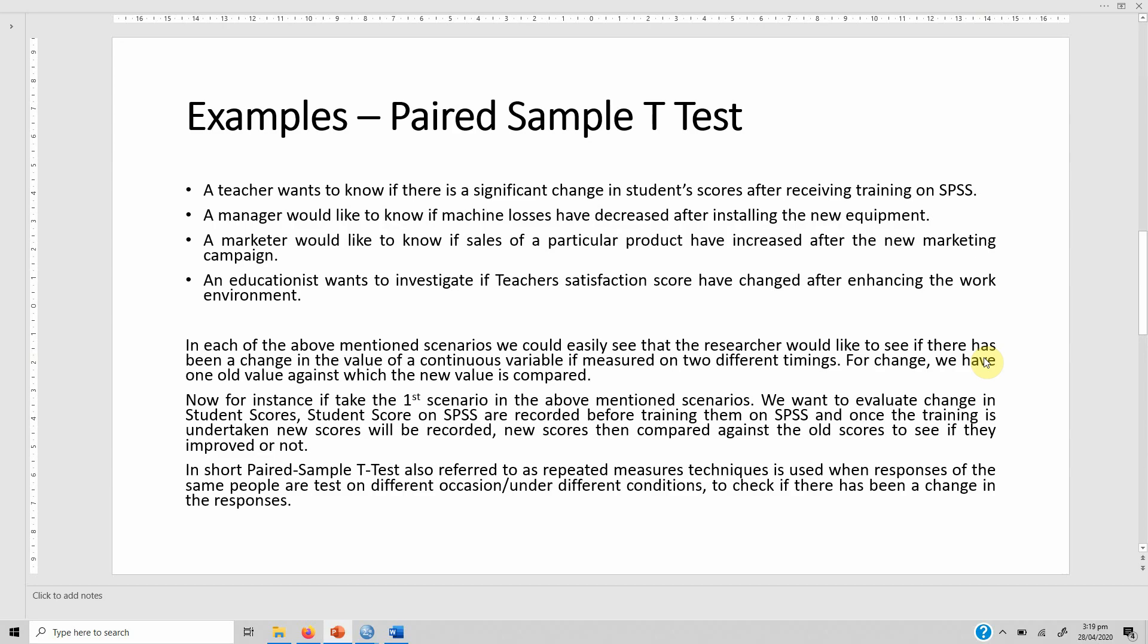For instance, if we take the first scenario, we would like to evaluate the change in student scores. Student scores on SPSS are recorded before training and also recorded after training. Both scores are compared to see whether or not the students have improved after the training.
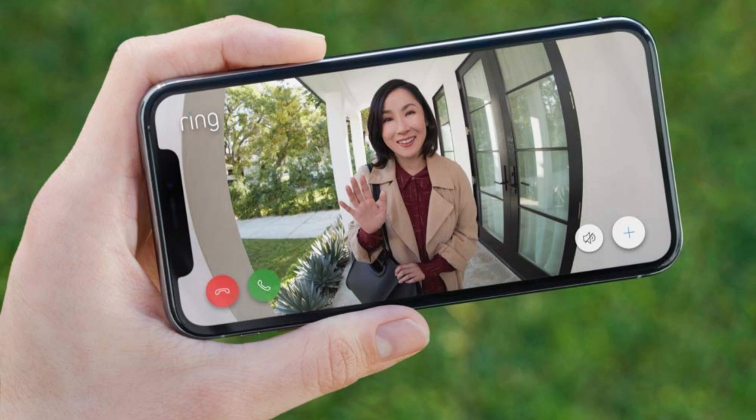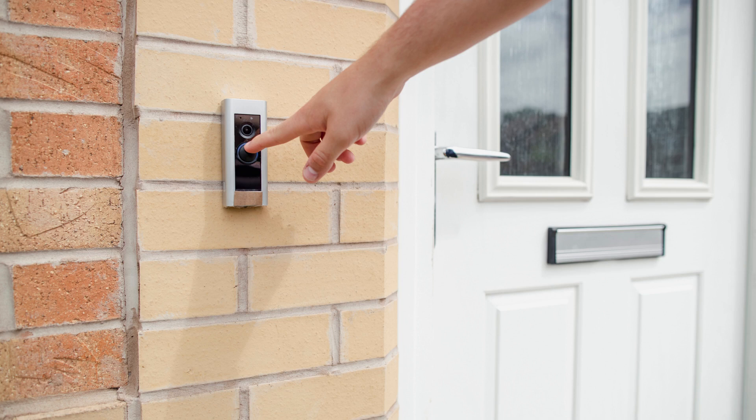For example, in the case of a Ring doorbell this would mean providing motion alerts. The downside is Amazon Sidewalk is enabled by default on your Ring devices that are linked with your Amazon account.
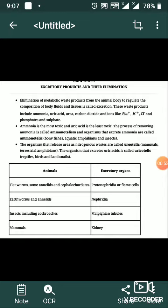Ammonia is the most toxic, and uric acid is the least toxic.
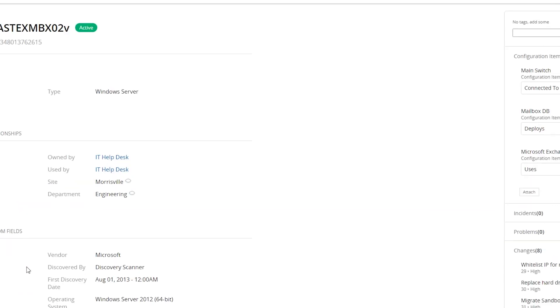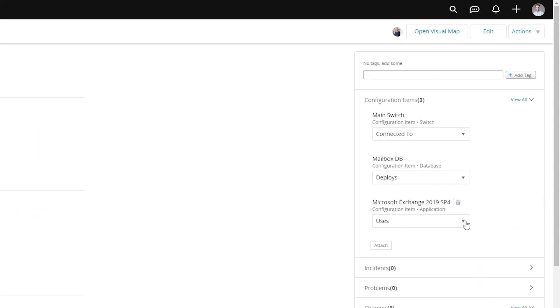And if I open that server up, you can see we have multiple configuration items bound to it. It's connected to a main switch, it deploys mailbox databases, and it uses Exchange 2019. So for a server like this that only has a handful of elements, in this case three, it's really not that complex to understand the relationship.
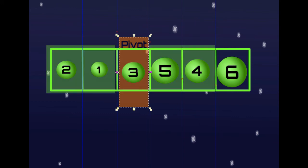We split the array by the pivot again and are left with two parts: 1 and 2 on the left, and 5 and 4 on the right. We are going to do exactly the same thing for each part.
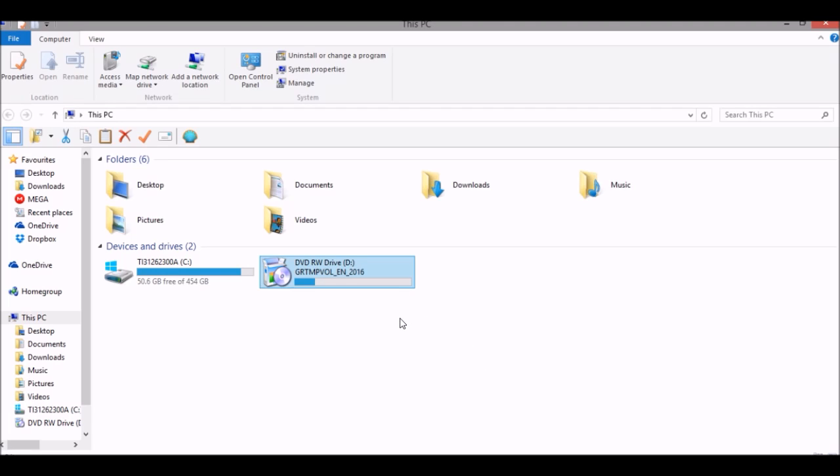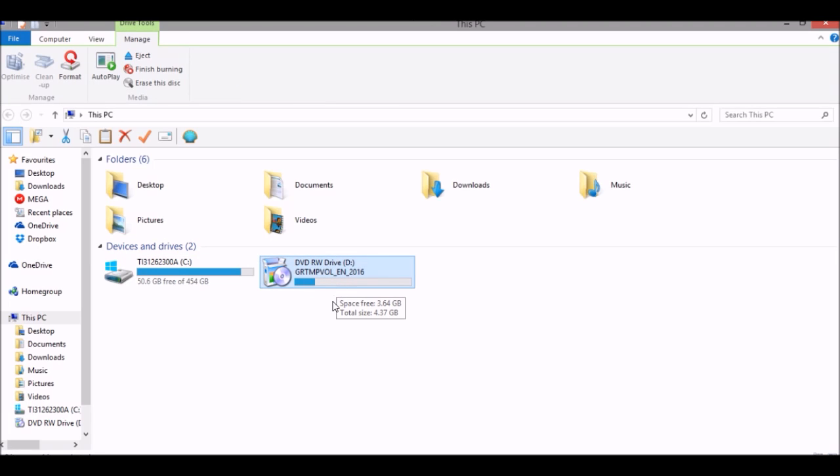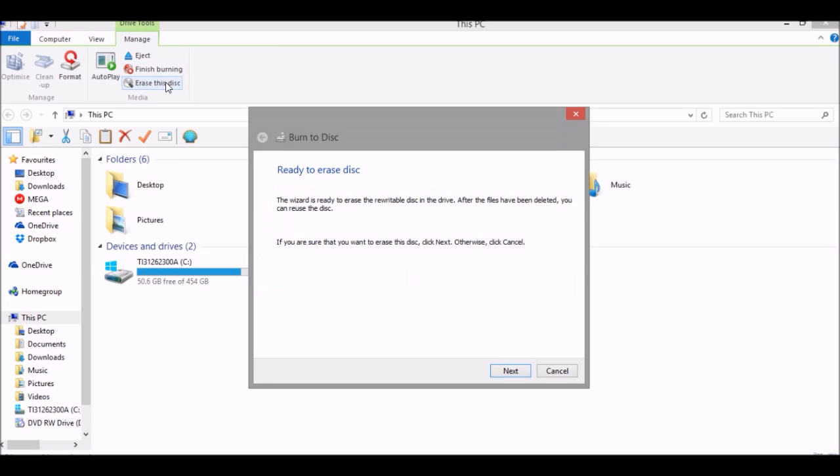First, open This PC or Computer, depending on which operating system you're on. Click the DVD drive where your DVD is. In Manage, click Erase this disk.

◆ **Try it**:
Write the listing out exactly, word for word, but omit the pictures.

◆ **Output below**:
For instance, if we take the first scenario, we would like to evaluate the change in student scores. Student scores on SPSS are recorded before training and also recorded after training. Both scores are compared to see whether or not the students have improved after the training.
For example, in the case of a Ring doorbell this would mean providing motion alerts. The downside is Amazon Sidewalk is enabled by default on your Ring devices that are linked with your Amazon account.
Ammonia is the most toxic, and uric acid is the least toxic.
And if I open that server up, you can see we have multiple configuration items bound to it. It's connected to a main switch, it deploys mailbox databases, and it uses Exchange 2019. So for a server like this that only has a handful of elements, in this case three, it's really not that complex to understand the relationship.
We split the array by the pivot again and are left with two parts: 1 and 2 on the left, and 5 and 4 on the right. We are going to do exactly the same thing for each part.
First, open This PC or Computer, depending on which operating system you're on. Click the DVD drive where your DVD is. In Manage, click Erase this disk.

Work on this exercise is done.